Search Bible Outlines and commentaries

[Originally posted Feb 5, 2005]

My wife submitted to a stress test the other day … so I thought I would allow others to enjoy the experience vicariously.

The first issue is the self fulfilling prophetic nature of a “stress” test. When one’s physical health is subject to evaluation there is already enough stress to go around. The anticipation of a “stress” test only compounds the anxiety. Karen’s appointment was at Seton Nuclear Imaging Center … anything named “nuclear” tends to automatically raise the “stress” level in my book.

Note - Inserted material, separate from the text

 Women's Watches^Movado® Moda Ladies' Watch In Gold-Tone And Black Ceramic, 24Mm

The standard prep instructions ended up being somewhat cryptic: nothing to eat or drink after midnight for an 8:30 AM appointment. But then when you arrive you find that really their only concern was that you hadn’t overeaten to the point of compromising your treadmill activity.

The Center actually was surprisingly efficient for a medical facility. They are used to cranking large numbers through all the paces. The process starts with the paperwork intensive check-in. After you regurgitate your medical history and verify your personal information you sign a number of disclaimers related to the Privacy Act – e.g. your sensitive data will not be released to any unauthorized personnel. So you shouldn’t be expecting any 6 PM telemarketing calls from drug companies who have targeted your medical deficiencies.

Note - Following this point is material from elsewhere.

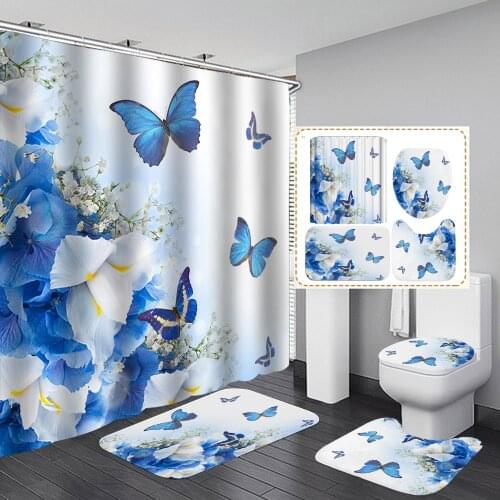 Beautiful Flower Pattern Shower Curtain Waterproof Fabric Blue Butterfly Bathroom Curtains Set Pedestal Rug Lid Toilet Cover Mat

Waiting Room Experience #1 – pick your favorite magazine (they actually had a great selection!)

When you get called back to the staging room your heart takes that first abnormal surge as you brace yourself for the realm of the medical unknown – a scary place to enter. The technician inserts an IV into your arm to provide the conduit for the radioactive material. (Again, anything associated with “radioactive” would be another stress pumper for yours truly.) They are careful to educate you all along the way so that you don’t end up imagining the worst. In this instance the message was not to fear the radioactive liquid because you would not be conscious of it or experience any type of reaction to it.

Back to the Waiting Room for Experience #2 – pick up your second favorite magazine… (but understand that you will not be abandoned for long because the liquid dissipates from your body after 45 minutes.)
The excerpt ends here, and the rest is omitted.